INPUT FOR THIS TASK
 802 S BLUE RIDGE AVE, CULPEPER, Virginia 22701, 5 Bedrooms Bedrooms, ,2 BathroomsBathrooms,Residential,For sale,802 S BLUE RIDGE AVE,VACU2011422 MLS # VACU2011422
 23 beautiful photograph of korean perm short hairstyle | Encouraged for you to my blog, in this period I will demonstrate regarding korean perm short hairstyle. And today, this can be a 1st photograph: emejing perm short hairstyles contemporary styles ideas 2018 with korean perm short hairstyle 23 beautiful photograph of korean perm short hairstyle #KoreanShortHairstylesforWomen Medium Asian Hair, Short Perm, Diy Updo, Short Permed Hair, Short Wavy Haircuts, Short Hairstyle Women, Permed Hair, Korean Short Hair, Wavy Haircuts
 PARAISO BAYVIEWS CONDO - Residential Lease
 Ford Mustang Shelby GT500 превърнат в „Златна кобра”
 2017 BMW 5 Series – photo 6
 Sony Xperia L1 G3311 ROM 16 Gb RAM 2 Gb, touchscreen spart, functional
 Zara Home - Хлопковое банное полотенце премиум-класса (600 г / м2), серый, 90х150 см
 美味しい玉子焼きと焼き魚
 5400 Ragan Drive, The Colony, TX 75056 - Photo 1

WHAT TO PRODUCE
Repeat all of the records verbatim, leaving nothing out.

EXERCISE SOLUTION
 802 S BLUE RIDGE AVE, CULPEPER, Virginia 22701, 5 Bedrooms Bedrooms, ,2 BathroomsBathrooms,Residential,For sale,802 S BLUE RIDGE AVE,VACU2011422 MLS # VACU2011422
 23 beautiful photograph of korean perm short hairstyle | Encouraged for you to my blog, in this period I will demonstrate regarding korean perm short hairstyle. And today, this can be a 1st photograph: emejing perm short hairstyles contemporary styles ideas 2018 with korean perm short hairstyle 23 beautiful photograph of korean perm short hairstyle #KoreanShortHairstylesforWomen Medium Asian Hair, Short Perm, Diy Updo, Short Permed Hair, Short Wavy Haircuts, Short Hairstyle Women, Permed Hair, Korean Short Hair, Wavy Haircuts
 PARAISO BAYVIEWS CONDO - Residential Lease
 Ford Mustang Shelby GT500 превърнат в „Златна кобра”
 2017 BMW 5 Series – photo 6
 Sony Xperia L1 G3311 ROM 16 Gb RAM 2 Gb, touchscreen spart, functional
 Zara Home - Хлопковое банное полотенце премиум-класса (600 г / м2), серый, 90х150 см
 美味しい玉子焼きと焼き魚
 5400 Ragan Drive, The Colony, TX 75056 - Photo 1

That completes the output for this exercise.